#### Input for this task

####

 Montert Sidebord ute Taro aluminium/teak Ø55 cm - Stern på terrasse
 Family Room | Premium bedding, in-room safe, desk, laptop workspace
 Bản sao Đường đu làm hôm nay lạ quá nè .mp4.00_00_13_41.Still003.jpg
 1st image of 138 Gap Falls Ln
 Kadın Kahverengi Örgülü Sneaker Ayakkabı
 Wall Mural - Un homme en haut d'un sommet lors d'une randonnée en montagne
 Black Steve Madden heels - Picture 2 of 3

####

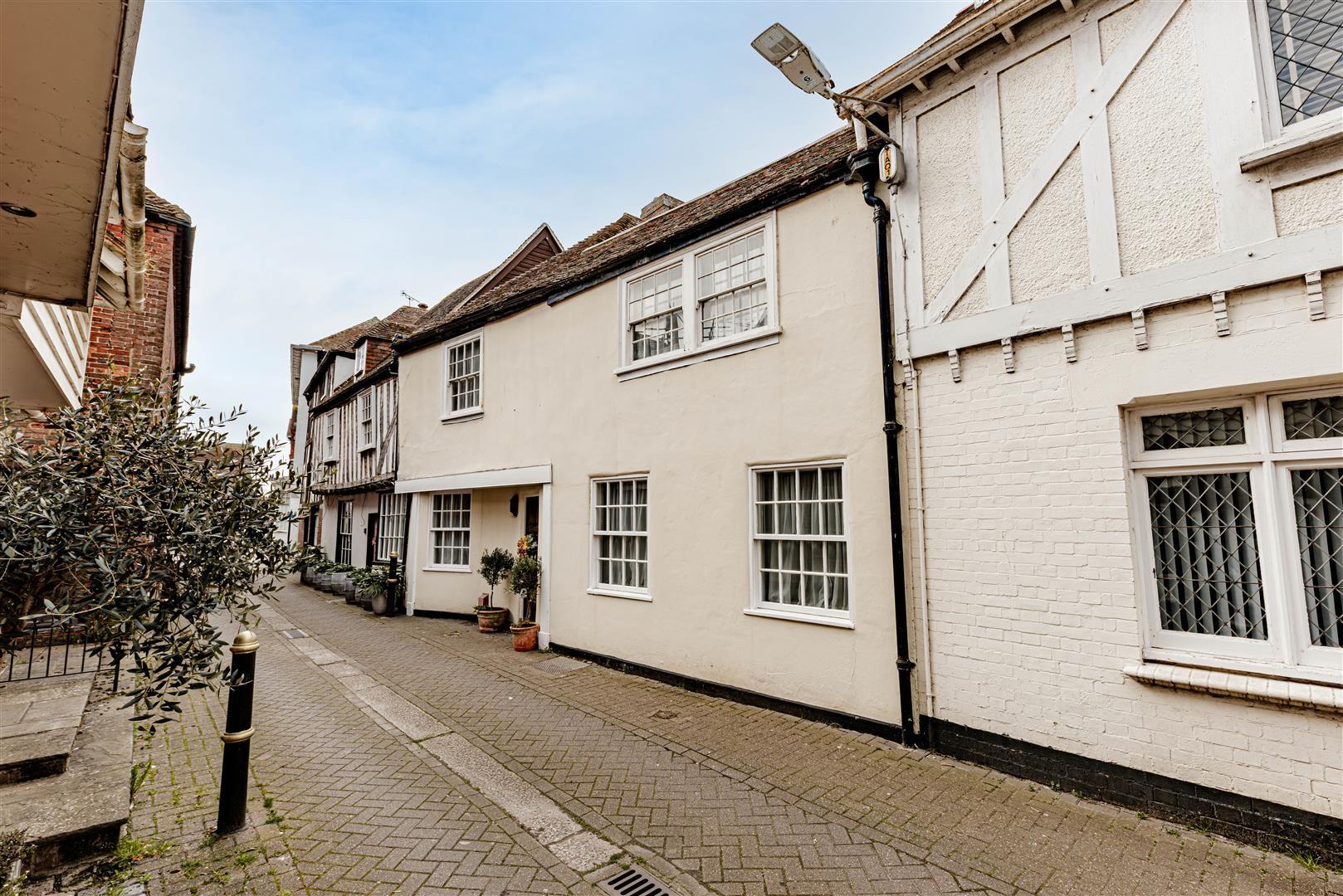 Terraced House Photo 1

####

#### What the exercise asks
Retype the records above, but only those lines that fall between the line containing "Wall Mural - Un" and the line containing "Black Steve Madden heels - Picture 2 of 3", with both of those lines included, exactly as written.

#### Solved problem
 Wall Mural - Un homme en haut d'un sommet lors d'une randonnée en montagne
 Black Steve Madden heels - Picture 2 of 3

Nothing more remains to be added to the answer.